MATERIAL FOR THIS EXERCISE:
===

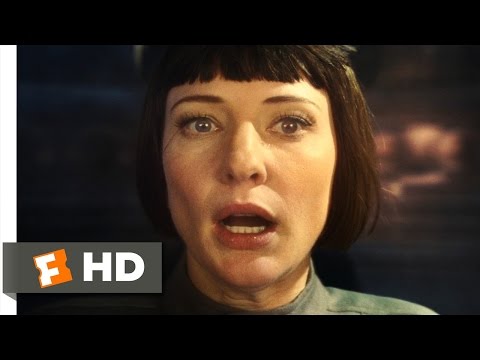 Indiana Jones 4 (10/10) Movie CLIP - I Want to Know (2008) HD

===

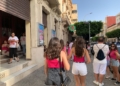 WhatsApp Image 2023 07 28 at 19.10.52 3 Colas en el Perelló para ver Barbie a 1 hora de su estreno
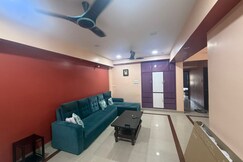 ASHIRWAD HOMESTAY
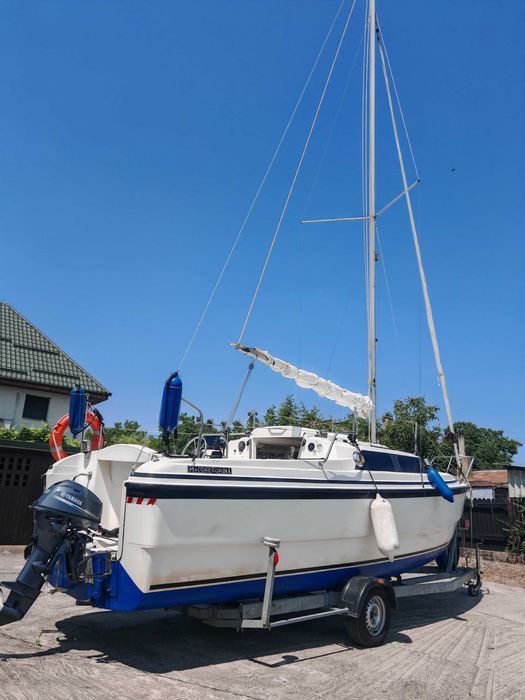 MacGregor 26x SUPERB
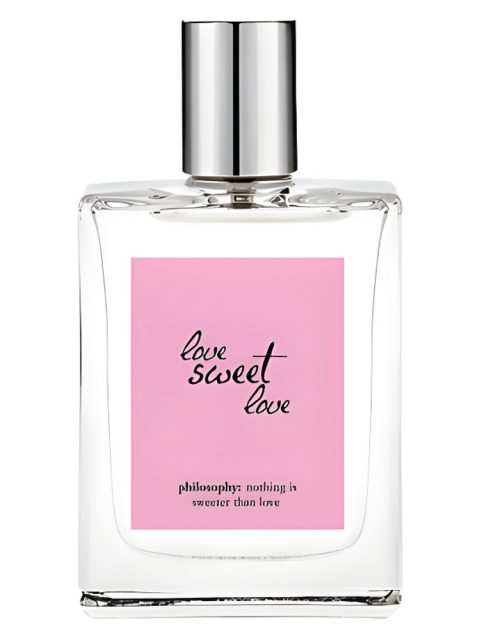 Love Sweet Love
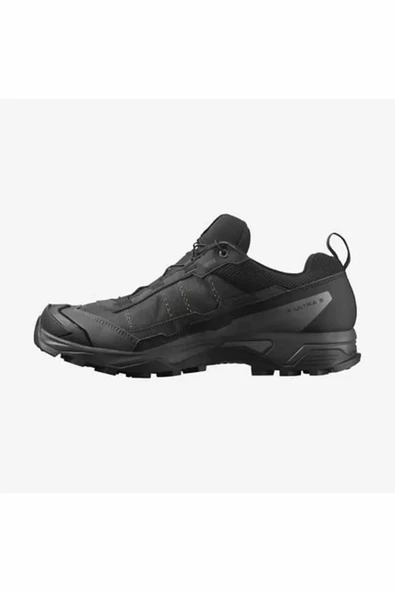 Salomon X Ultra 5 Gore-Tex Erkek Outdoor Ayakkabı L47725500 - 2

===

WORK REQUEST:
A clean copy is needed of the lines above from the one with "MacGregor 26x SUPERB" up to and including the one with "Salomon X Ultra". Please set it down exactly, with no pictures.

OUTPUT FOR THIS TASK:
 MacGregor 26x SUPERB
 Love Sweet Love
 Salomon X Ultra 5 Gore-Tex Erkek Outdoor Ayakkabı L47725500 - 2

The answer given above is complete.